Tuesday, August 15, 2023

Korelogic's CMIYC 2023 @ DEF CON 31 Write-up

 Members that participated (10 crackers/ 1 support)

  • s3in!c

  • golem445

  • hops

  • blazer

  • gearjunkie

  • winxp5421

  • AMD

  • cvsi

  • pdo

  • Waffle

  • Usasoft (support)

Peak computing power (25-30 standardized to 4090)

Before the contest

The test hashes gave us a gleam of what the potential hash data would look like.  After successfully cracking all the test hashes, we noticed very heavy use of UTF-8 encoded characters. We ensured we had adequate tooling to handle UTF-8 strings, detect character sets and expanded toolkits to leverage translation API for batch language translations. We also created tooling to parse the yaml data into usable and more manipulable formats.  

During the contest

Our very first issue we encountered was the {ssha512} hashes, since hashcat outputs these as {SSHA512} we had to quickly update our system to perform some translations to handle the alternate case.

We identified the timestamp pattern early on and those were used to quickly gain cracks on bcrypt. The metadata did throw us off a little bit initially as we were not totally sure how it was incorporated into the plaintext. Early on we were unsure whether they gave us a hint or whether the plaintext contained a portion or manipulated form of the metadata. Due to the insanely slow hashrate of bcrypt and sha512crypt sha256crypt it took our team quite some time to gather enough samples to deduce that the plaintext patterns were distributed across all the algorithms evenly. 

We were quite perplexed 12 hours into the contest by how other teams were able to consistently yield cracks for bcrypt while it appeared we were not really traveling anywhere. Once the plains were analyzed we identified some movie lines. We initially started off with Star Wars movie lines, then progressed to Star Trek movie lines, these were the following critical patterns identified.

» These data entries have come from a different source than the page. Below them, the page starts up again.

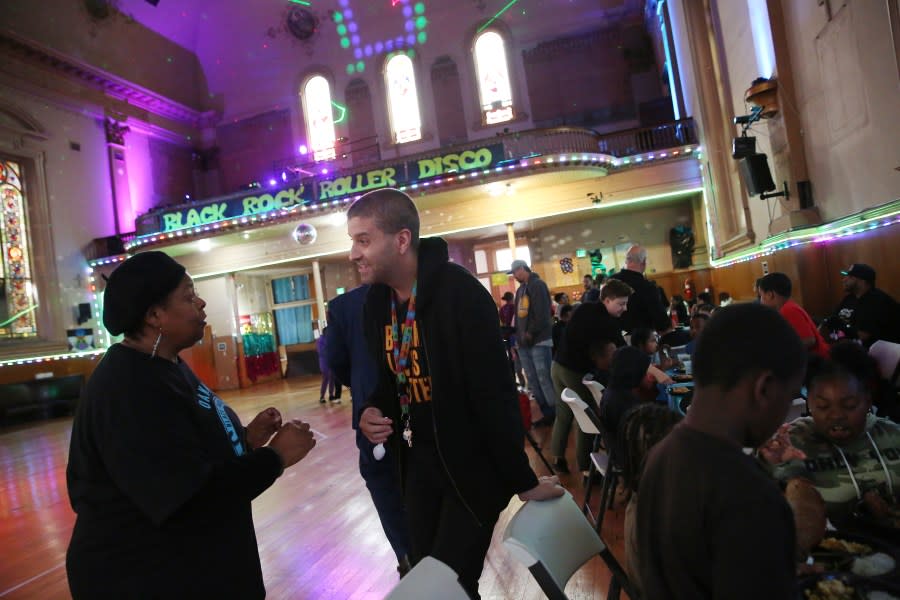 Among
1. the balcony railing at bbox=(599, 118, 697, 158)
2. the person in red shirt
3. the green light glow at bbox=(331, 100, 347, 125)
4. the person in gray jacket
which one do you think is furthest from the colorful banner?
the person in red shirt

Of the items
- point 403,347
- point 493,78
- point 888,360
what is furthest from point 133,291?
point 493,78

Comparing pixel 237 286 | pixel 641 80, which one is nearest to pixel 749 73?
pixel 641 80

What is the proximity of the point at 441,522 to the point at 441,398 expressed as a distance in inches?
13.8

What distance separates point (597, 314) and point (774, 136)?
499cm

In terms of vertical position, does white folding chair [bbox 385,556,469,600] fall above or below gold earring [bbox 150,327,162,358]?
below

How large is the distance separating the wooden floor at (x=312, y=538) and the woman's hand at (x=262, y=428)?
4.93ft

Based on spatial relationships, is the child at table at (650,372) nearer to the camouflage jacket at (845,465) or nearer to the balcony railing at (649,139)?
the camouflage jacket at (845,465)

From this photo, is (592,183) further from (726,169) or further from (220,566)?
(220,566)

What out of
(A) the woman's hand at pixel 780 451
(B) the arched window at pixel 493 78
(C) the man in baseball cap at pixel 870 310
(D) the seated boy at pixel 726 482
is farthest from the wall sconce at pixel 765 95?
(B) the arched window at pixel 493 78

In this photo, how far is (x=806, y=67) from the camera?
243 inches

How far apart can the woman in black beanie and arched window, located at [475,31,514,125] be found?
16191mm

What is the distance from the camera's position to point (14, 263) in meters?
14.2

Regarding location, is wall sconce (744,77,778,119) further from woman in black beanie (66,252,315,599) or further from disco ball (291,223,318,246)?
disco ball (291,223,318,246)

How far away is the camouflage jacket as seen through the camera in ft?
5.69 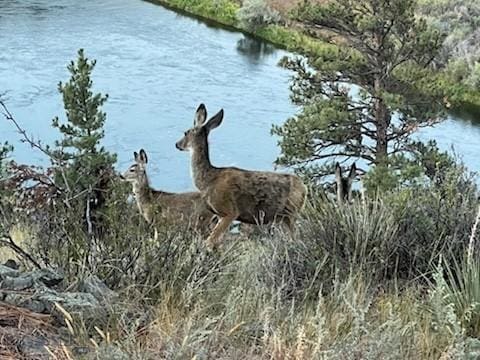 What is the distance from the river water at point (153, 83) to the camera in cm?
2292

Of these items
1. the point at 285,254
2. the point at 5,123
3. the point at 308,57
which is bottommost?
the point at 5,123

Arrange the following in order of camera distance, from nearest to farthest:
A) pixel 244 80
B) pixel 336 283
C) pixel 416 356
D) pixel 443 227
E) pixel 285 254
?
pixel 416 356
pixel 336 283
pixel 285 254
pixel 443 227
pixel 244 80

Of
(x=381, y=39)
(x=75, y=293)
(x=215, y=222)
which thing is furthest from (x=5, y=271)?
(x=381, y=39)

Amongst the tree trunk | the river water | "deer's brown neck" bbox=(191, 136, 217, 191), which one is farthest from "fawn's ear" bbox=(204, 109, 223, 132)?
the river water

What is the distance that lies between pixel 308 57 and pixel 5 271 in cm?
1706

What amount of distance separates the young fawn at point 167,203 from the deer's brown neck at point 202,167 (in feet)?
0.58

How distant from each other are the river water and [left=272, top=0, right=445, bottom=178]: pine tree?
2.50 m

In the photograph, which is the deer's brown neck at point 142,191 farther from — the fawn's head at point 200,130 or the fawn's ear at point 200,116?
the fawn's ear at point 200,116

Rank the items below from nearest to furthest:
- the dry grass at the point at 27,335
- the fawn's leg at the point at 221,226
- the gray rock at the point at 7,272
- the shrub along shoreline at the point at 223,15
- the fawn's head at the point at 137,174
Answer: the dry grass at the point at 27,335 → the gray rock at the point at 7,272 → the fawn's leg at the point at 221,226 → the fawn's head at the point at 137,174 → the shrub along shoreline at the point at 223,15

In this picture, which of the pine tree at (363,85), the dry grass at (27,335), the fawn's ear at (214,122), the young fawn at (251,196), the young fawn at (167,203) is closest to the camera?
the dry grass at (27,335)

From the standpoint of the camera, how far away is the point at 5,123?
23.8 m

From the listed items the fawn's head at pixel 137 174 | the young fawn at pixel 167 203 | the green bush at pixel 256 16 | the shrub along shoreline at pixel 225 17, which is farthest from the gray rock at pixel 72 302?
the green bush at pixel 256 16

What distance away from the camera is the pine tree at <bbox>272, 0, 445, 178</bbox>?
1952cm

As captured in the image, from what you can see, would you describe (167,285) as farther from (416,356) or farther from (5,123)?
(5,123) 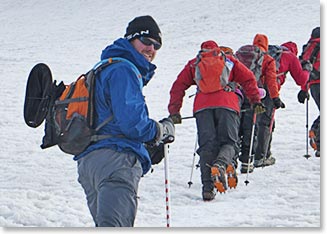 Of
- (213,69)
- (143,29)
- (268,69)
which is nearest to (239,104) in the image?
(213,69)

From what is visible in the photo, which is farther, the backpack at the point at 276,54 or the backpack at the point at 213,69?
the backpack at the point at 276,54

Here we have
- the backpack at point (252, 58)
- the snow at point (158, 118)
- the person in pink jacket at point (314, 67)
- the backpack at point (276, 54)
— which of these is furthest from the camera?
the backpack at point (276, 54)

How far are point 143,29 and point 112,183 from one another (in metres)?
0.62

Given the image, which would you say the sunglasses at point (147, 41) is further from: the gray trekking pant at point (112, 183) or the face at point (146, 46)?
the gray trekking pant at point (112, 183)

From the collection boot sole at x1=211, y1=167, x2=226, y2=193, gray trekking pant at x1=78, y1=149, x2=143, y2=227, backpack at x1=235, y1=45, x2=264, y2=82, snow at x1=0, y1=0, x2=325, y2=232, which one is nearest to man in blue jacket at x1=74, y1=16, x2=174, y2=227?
gray trekking pant at x1=78, y1=149, x2=143, y2=227

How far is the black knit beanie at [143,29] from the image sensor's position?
8.68 feet

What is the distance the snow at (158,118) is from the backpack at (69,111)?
3.53ft

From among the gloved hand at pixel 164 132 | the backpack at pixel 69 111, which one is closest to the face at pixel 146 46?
the backpack at pixel 69 111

Lines containing 2,3,4 words were extracted based on the word boundaries from movie scripts/subtitle files, then divided into various lengths for attacks

  • Len13?s (where s = !@$%)

  • Len12?d?s (where s=!@$%)

  • Len14+ suffix 1

We initially were not totally sure whether all the symbols were used or what the specific attributes were, so there were wasted resources used to check these. However, as the runs progressed, we were able to reduce the keyspace by improving our parameters, such as using only certain suffix patterns with certain lengths.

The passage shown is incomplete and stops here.